June 14, 2013

Career Academy principal resigns

Lawyer: ‘It was political’

By Christopher Smith
christophersmith@daltoncitizen.com

— A lawyer representing Career Academy Principal and CEO Tim Fleming said Fleming’s resignation on Thursday was the result of negative influence from Whitfield County Schools Superintendent Judy Gilreath.

Gilreath said that isn’t true.

Fleming resigned at the Northwest Georgia College and Career Academy Board of Directors meeting Thursday morning before having a private meeting with attorney Stewart Duggan from Rome. Fleming declined to discuss his resignation with a reporter. His last day is June 30. Academy board members were expected to decide on Thursday whether to renew his contract.

Duggan said he couldn’t go into the details of the resignation publicly but said Fleming’s performance was in “good standing.”

“All I can tell you is this: It was political,” he said. “(Fleming) isn’t going to make any statement about this ... He just wasn’t the superintendent’s pick.”

Fleming was promoted from assistant principal to principal and CEO — working as both a school administrator and in seeking involvement from the local business community with the academy — by former superintendent Danny Hayes on June 7, 2010. Gilreath replaced Hayes as the school system chief on March 30 and quickly reorganized most of the school system administrative staff.

Gilreath said she’s “puzzled” by Duggan’s comments.

“I don’t know what he would be talking about,” Gilreath said. “I’ve never even met the man. I don’t know what was said or who was there at the meeting. I don’t know anything about any politics. Unless he (Fleming) just didn’t want to work under me.

“I’ve had no agenda to get rid of him or anyone.
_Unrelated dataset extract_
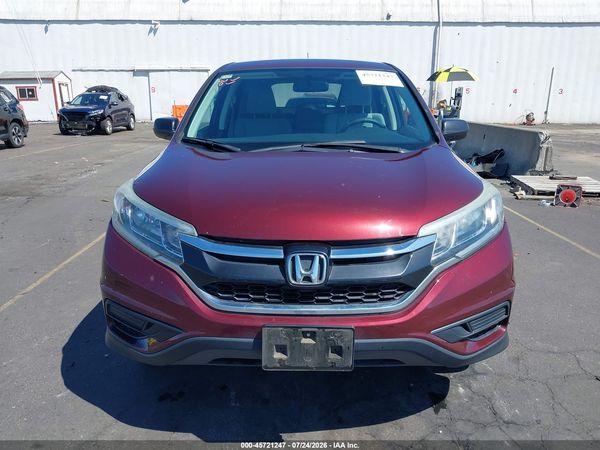 2016 HONDA CR-V SE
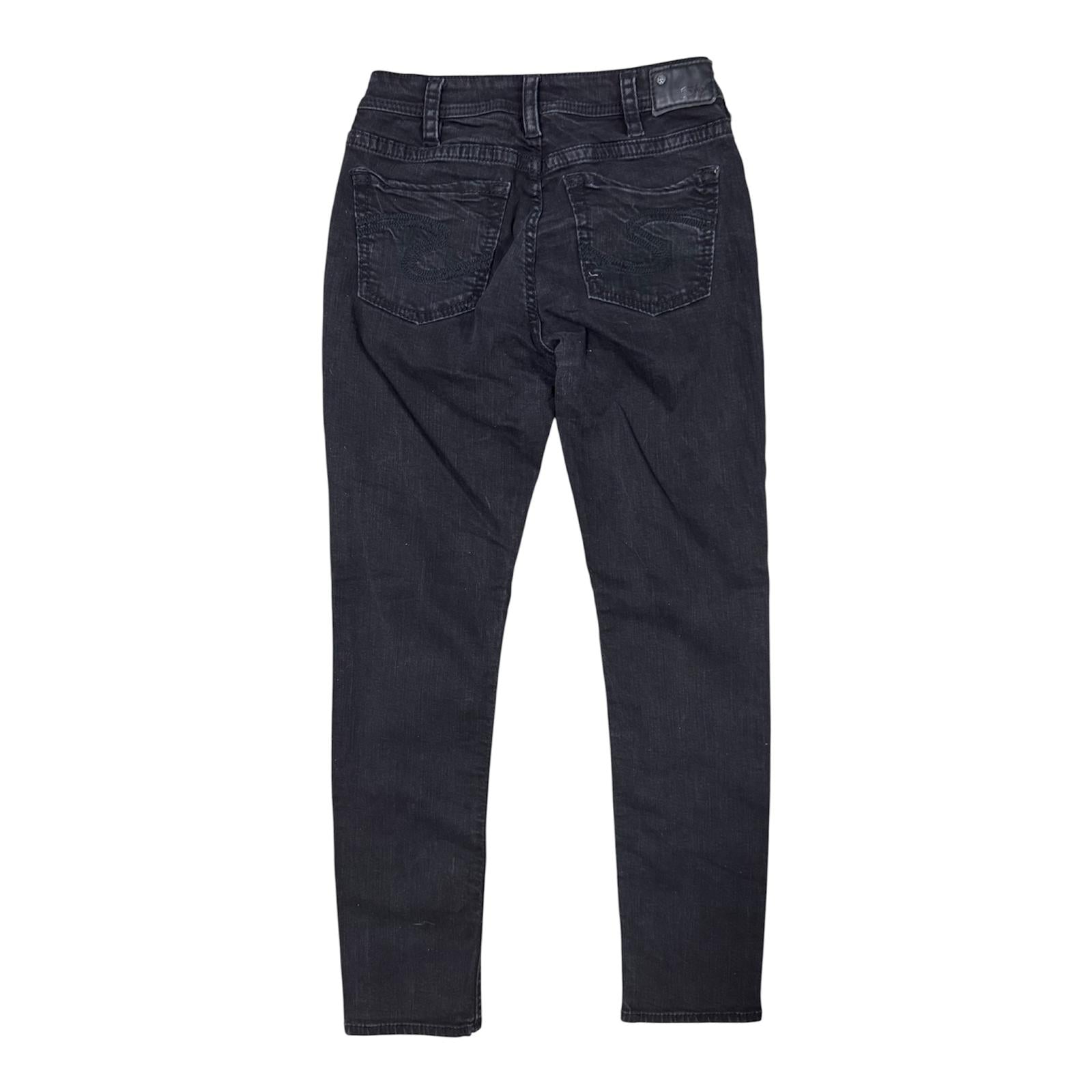 Silver Jeans Suki High Skinny (M/38)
I’m sure that kind of thing happens, but I don’t do that. That’s not the way I run the school system. I’m not out to get anyone.”
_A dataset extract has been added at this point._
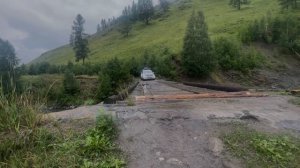 Староавстрийская дорога. ВКО. Казахстан.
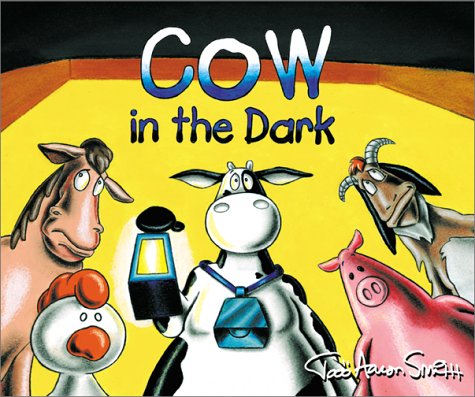 Book cover for Cow in the Dark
School Board Chairman Louis Fordham said it’s not uncommon for several principals to leave near the end of the school year.

Principals must write a letter of resignation and have it accepted before it is official. Most principals get approval from the school board, but because Fleming answered to academy board members his resignation was approved by them.

“Most leadership changes happen this time of year,” Fordham said. “This is when contracts get renewed or don’t. Everything bottlenecks right now. The timing is terrible, but that’s the system we work in.

“By law, contracts have to go out the last month of the school year (June). It can appear like there’s a lot of personnel leaving, but it’s just because we do all this stuff right now. It’s absolutely crazy with the timing, but we have to abide by the letter of the law.”

Asked about any political motivation behind hiring and firing of employees, Fordham said there is “no evidence for that.”

“There’s seldom a decision that someone isn’t going to consider to have some ulterior motive,” he said. “Do we really appear to make decisions on that criteria? I would dare to say Danny (Hayes), while he was in human resources and as superintendent — that we have kept a lot of principals he’s placed.

“We make many, many personnel changes. You can’t use one or two changes to indicate the character behind those decisions (is bad). For individuals who happen to have lawyers saying things, that’s fine. But that’s one perspective.”

Fordham said he respects a “certain right to know” about when and why school administrators leave.

“I don’t enjoy talking about these things because it’s always hard to get the full story,” he said. “But I want the community to know Whitfield County Schools should not be seen as an organization that’s not transparent. We will be as open as the law requires.

“We’re a large system and we have a lot of wonderful employees. We’ve made tough leadership decisions. Leadership changes are not new. They’ve happened under every superintendent.”

Academy Board Chairman Tim Campbell said board members didn’t discuss Fleming’s resignation at length during their execution session, a part of the meeting legally closed to the public and media to discuss personnel.

“We had two things on our agenda,” he said. “One was discussing having a better partnership with the governing board: the county school board and the superintendent ... the other was renewal of the CEO and principal position. Tim did resign prior to us visiting that item. For privacy reasons, I can’t be real specific as to why.”

Campbell said there had been a slight “disconnect in the past” between the academy board and the school board and that Fordham wanted the school board to take a more “active” role with the academy.

“The main thing was talking about the relationship between our board and the school board,” Campbell said. “We talked about trying to be consistent with the school board on how the academy is going to be run. Louis is supportive of it. The school board wants to have a more governing role, not so much an advisory board.

“There’s a lot of details to hammer out about that. There wasn’t a correlation between Tim resigning and that discussion. Very little was said about the resignation. Tim came in and gave me his letter. There was no conversation beyond that.”

Fordham said Fleming’s resignation wasn’t related to anything the school board was discussing either.

“I don’t know of any conflict between anyone or anybody,” he said. “And the academy board is pretty independent, which is how we want it. Our board doesn’t deal with them on a day-to-day interaction.”